Not much really to say about them and this is actually too much for a group of friends that never met in real life haha. I am sooooo glad I have them in my life right now. They also thanked me a lot too for making the group. Maria keep tracking the time to remind us about our friendship anniversary (which I find sooooo cute and sweet) and we almost on our 1st year now, I hope we could be friends until forever and of course they motivate me to do my best so that someday we all could meet and be an actual bestfriends in real life.
Thursday, October 6, 2016
Wednesday, August 17, 2016
Feels...
Okay, this one is gonna be very personal and deep.
I've been having issues and anxiety this past few weeks. I can't sleep and I'm eating like a pig but the next day I don't eat at all, so on so forth. I don't know what I've been thinking about, but everytime my friends ask me how I'm doing, well I'm doing just fine. But then I know there's something wrong with me, it's just so hard to explain.
Few days ago I deactivate my old facebook account with the reason that I'm too lazy to remove my "unknown" friends. But that wasn't the case, lol. Since I played this Touch game, I make so many new friends but surprisingly only few of them are real. I don't expect anything from a friend but reading all the drama and scandal people have on social media makes me realise how pathetic they are and I ask to myself "don't they have any real friends to talk to rather than share it to the world?". I did share my personal scandal once on facebook and that only because the person deserves it. And just now I just realised I wasted my few seconds to write that shit HAHA.
Ok, moving on.
Regarding to my condition, my current state is very complicated. It's like having a mental illness but yet I'm normal. What is normal anyway? pft. So my issue is that I push people away, so many guys reaching out to me but I didn't look at them like at all. My close friend said to me the other day that I've been known to be very arrogant and dearly plush. Well the second word maybe a compliment but arrogant? Only people who knows me know that I'm not that kind of person. But it gets me how I want to be alone and I am for exactly a year already. It's not that I don't want a boyfriend, but I want someone who has his own thing already and not giving shit about what I do everyday yet understands my deepest darkest personality. I don't want to be the clingy girlfriend, I don't want to wait around my boyfriend to text me and mad if he doesn't. I don't want my boyfriend to always look for me 'cause I'm busy or I'm just a loner. I need a busy guy who give his precious time to visit me in the middle of the night for only 1 to 2 hours just to say he loves me and just to see me eating or do some shit.
I know that's too much to ask but I can't find a guy when I'm only a girl. That's why I've been working so hard these days to take care of myself and try to be more independent in a case where I don't financially need my mom anymore and I really want to live somewhere, anywhere but here.
For friends, I don't need many.

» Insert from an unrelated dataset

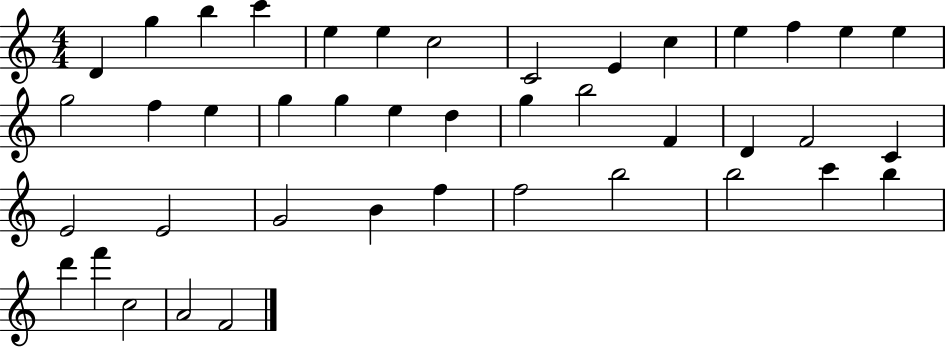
D4/q G5/q B5/q C6/q E5/q E5/q C5/h C4/h E4/q C5/q E5/q F5/q E5/q E5/q G5/h F5/q E5/q G5/q G5/q E5/q D5/q G5/q B5/h F4/q D4/q F4/h C4/q E4/h E4/h G4/h B4/q F5/q F5/h B5/h B5/h C6/q B5/q D6/q F6/q C5/h A4/h F4/h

They come and go as they like, luckily I'm not a sensitive person so I don't care. BUT, I do care about my 24/Seven squad which I'm going to write in my next post because they're just special.
Buona notte a tutti~
Buona notte~
Hi hi... long time no see~ *sings iKON* teehee
so it's night time and I feel sick which is a good thing for me 'cause then I have time to write again since I'm so busy catching up with friends and making my brand this summer holiday. sigh.

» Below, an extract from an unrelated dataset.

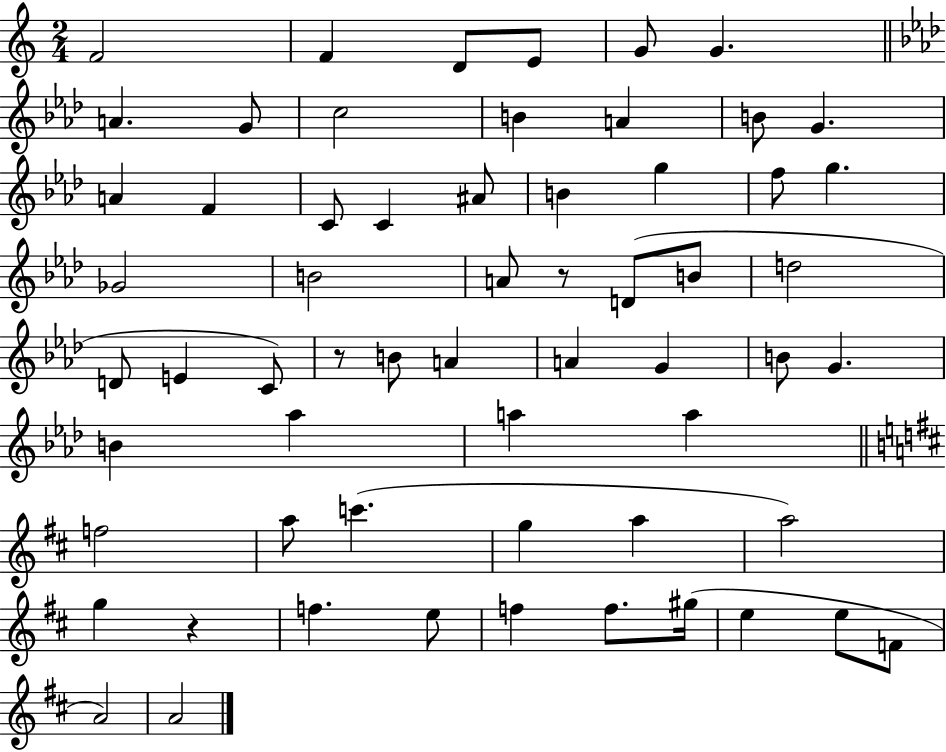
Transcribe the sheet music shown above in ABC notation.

Nothing special going on as usual.
So this holiday, I started to make some new steps. I was soooo lazy to do anything since it's holiday and it's my only chance to actually sleep for a month and nobody cares. But I have the motivation to make a brand so I did it. Me and my crew meet-up once a week if possible and we already have a few artworks up on our instagram, finallyyyy.... I hope the brand turns out great and I can continue using it to express myself.
Second thing is... I don't really know but I'm going to talk about my phone. I've been living in a cave for weeks now since I broke my phone. It was very stressful at first 'cause I have class and I have meeting every week also I need some catching up to do... But surprisingly I can survive without my phone haha. I could literally do whatever I want without having the burden to check my phone and of course my mom can't call me when I'm hanging out with my friends which she only did when I came home very late without telling her, lmao.
Then the last (not really) thing is about my fangirling life. So this blog is literally about me and BTS most of the time is about BTS but yeah I'm still crazy about them. BUT! I just changed my bias. I know it's a weird thing to do for some of the fanatic fangirl out there to change bias, it's like cheating on your boyfriend blablabla... But yeah, I'm over Park Jimin and now I'm all over Min Yoongi. Not because his mixtape is out a few days ago, and I'm not gonna explain shit 'cause I'm not good at it.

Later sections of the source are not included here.